I’ve received some questions about mixing elliptical training and weight training in the same workout session. This is a technique I recommend in my eBook “Getting Started With Elliptical Training”. The idea is to get the best of both worlds — muscle-building along with cardio-conditioning/fat-burning. I really believe that just about everyone should partake in both forms of training.
Of course, having said that, there are times and situations when the cardio training can actually sabotage your goals. Particularly when that goal is to maximize muscular development. This is especially true for those of us who are categorized as “hard-gainers” when it comes to building muscle. You actually can make it very difficult on yourself if you’re trying to lift heavier and with more intensity and you’re still trying to fit in marathon cardio sessions. In this situation, you are better off cutting back on your cardio sessions while maximizing your weight training efforts.
I certainly don’t advise cutting out your cardio workouts altogether during these periods — just cut back a bit. I’m also a firm believer in cycling your training throughout the year. It’s really difficult to go out on any type of training without some kind of break, be it weight lifting or cardio. As you become more advanced in your training you may want to add in 6-week cycles. Go all out with the emphasis on heavy weight lifting and scaling your cardio back to 3 shorter sessions per week. Preferably not during the same workout session as your weight training. Doing cardio right before jumping into a heavy weight lifting session will deplete your stored energy (glycogen) and will leave your energy store depeleted for your weight lfiting. It’s better to do your cardio on your off-days from lifting or during a different time during the day from your weight training. Keep your cardio sessions around 15-20 minutes.
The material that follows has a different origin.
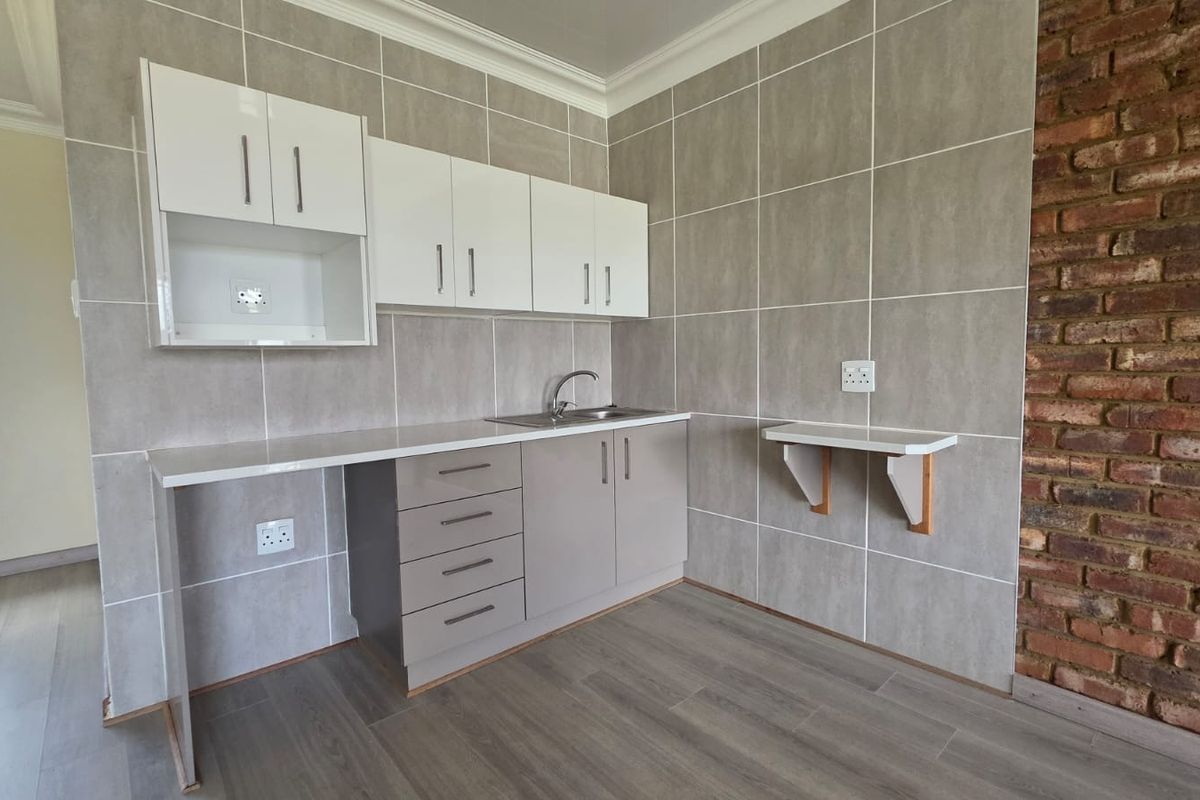 Spacious 2-Bedroom Flat To Rent in Meiringspark  - Photo 5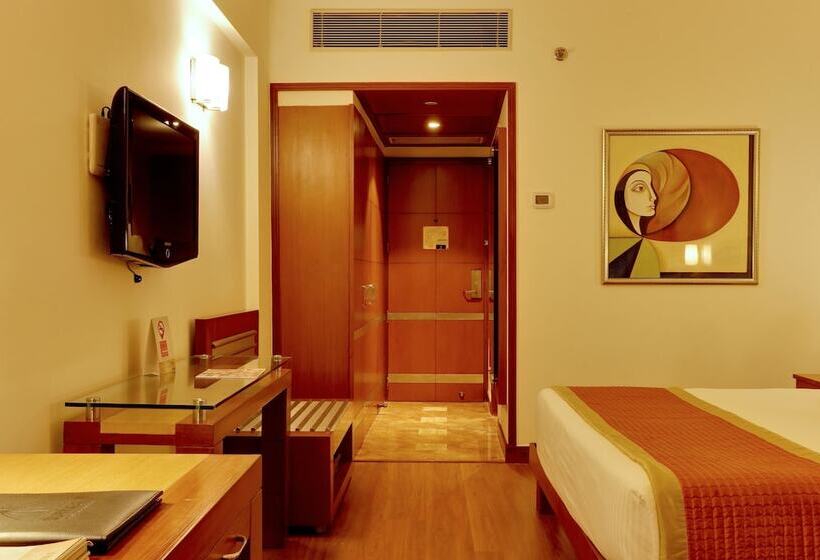 سوییت لوکس, The Suryaa  New Delhi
Your diet will also need to vary during these cycles. You’ll want to consume additional calories and also up your protein intake to provide the necessary amino acids for protein synthesis to repair damaged muscle fibers. Your carbohydrate intake will also need to be higher to replenish the glycogen stored in your muscle cells in order to fuel more demanding workouts.
Eight weeks is a general guideline for cycling your workouts. You need to listen to both your mind and your body to really let you know when the time is right to switch to the next phase of your training. It’s always a good idea to take a week off from the gym after a cycle to get the cob webs out and let your body rejuvenate itself. That way, you will be excited to return to the gym with a renewed sense of commitment and energy.
On the flip side, your cardio cycle will put the emphasis on refining the additional musclar bulk your added during the “bulking” cycle. Increase your cardio sessions to 4-5 times a week for between 30-60 minutes per session. Continue to lift, but drop the poundages substantially and increase the reps. This is also a good time to add in some isolation movements to bring out the definition in your muscles.
Like the seasons, your training will also go through the ebb and flow of changing rythms. Embrace the variety and you’ll keep yourself fresh and continually improving.